* [Data provided]:
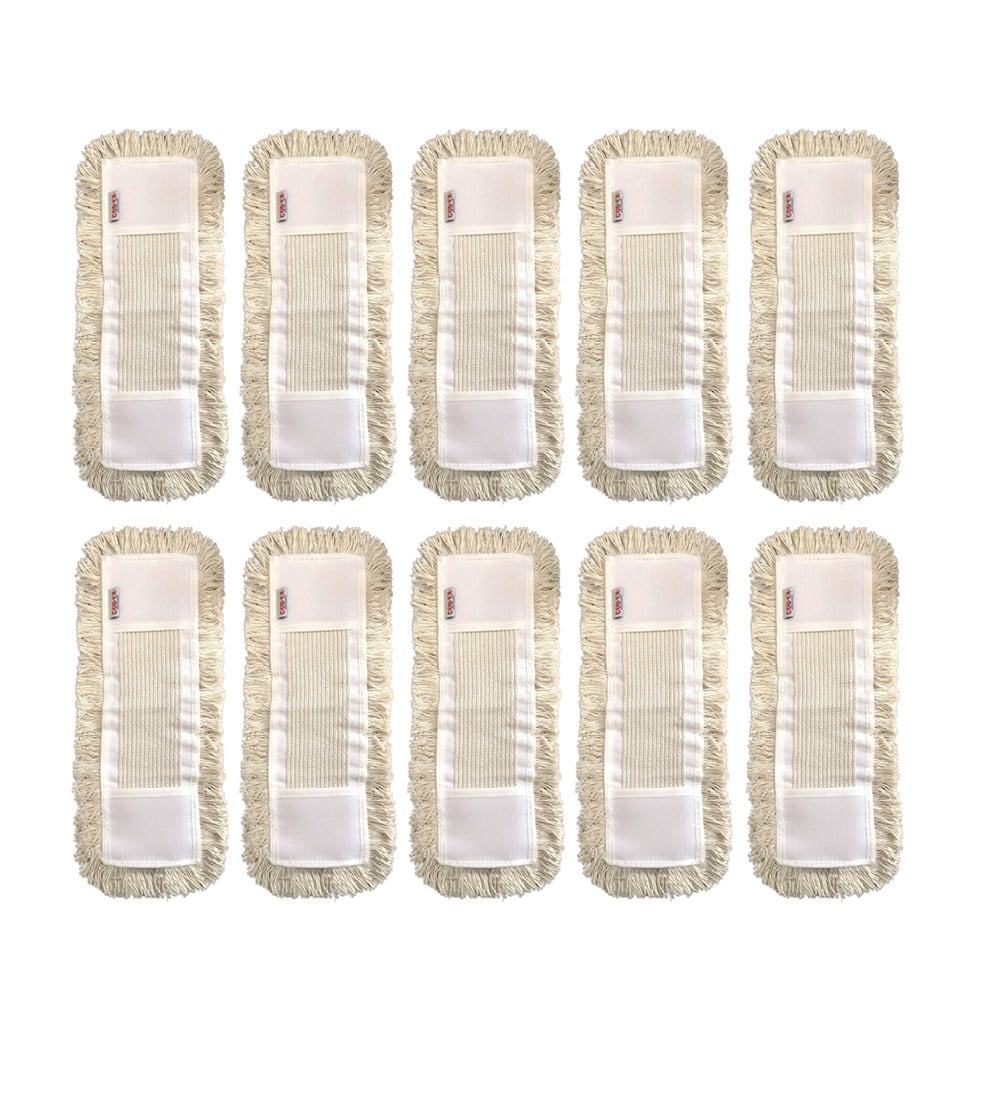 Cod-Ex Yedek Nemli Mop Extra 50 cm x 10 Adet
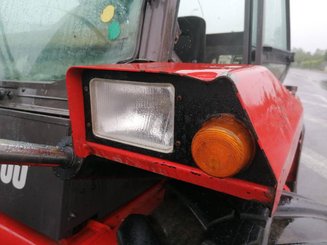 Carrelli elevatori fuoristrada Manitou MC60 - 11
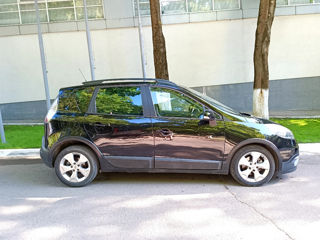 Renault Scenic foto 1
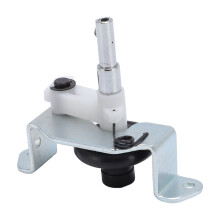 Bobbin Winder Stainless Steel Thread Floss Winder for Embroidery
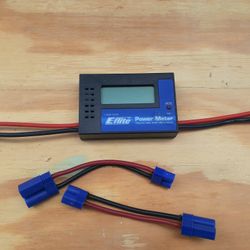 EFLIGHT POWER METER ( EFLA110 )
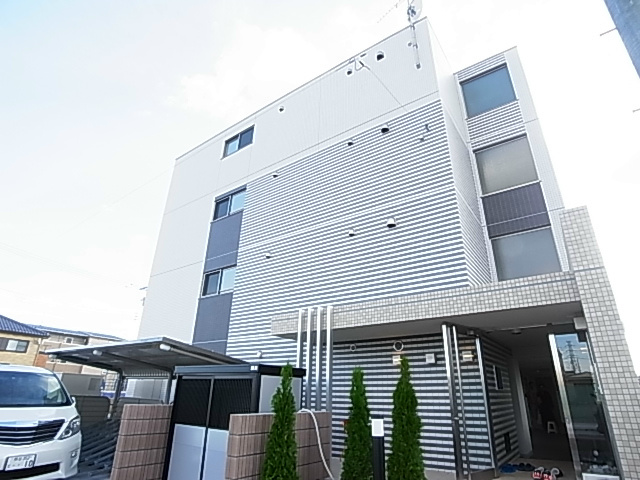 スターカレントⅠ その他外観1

--

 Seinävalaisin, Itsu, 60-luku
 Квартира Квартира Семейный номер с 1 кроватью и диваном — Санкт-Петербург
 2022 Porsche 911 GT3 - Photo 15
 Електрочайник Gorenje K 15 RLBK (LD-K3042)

* * *

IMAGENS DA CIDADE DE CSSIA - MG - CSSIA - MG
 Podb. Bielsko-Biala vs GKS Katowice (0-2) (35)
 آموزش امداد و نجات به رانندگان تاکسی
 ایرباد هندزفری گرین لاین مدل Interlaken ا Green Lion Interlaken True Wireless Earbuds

* [Problem description]: Could you output exactly the lines above, from the line with "Cod-Ex Yedek Nemli Mop Extra 50 cm x 10 Adet" up to and including the line with "スターカレントⅠ その他外観1", and nothing else, skipping the pictures?

* [Response area]:
 Cod-Ex Yedek Nemli Mop Extra 50 cm x 10 Adet
 Carrelli elevatori fuoristrada Manitou MC60 - 11
 Renault Scenic foto 1
 Bobbin Winder Stainless Steel Thread Floss Winder for Embroidery
 EFLIGHT POWER METER ( EFLA110 )
 スターカレントⅠ その他外観1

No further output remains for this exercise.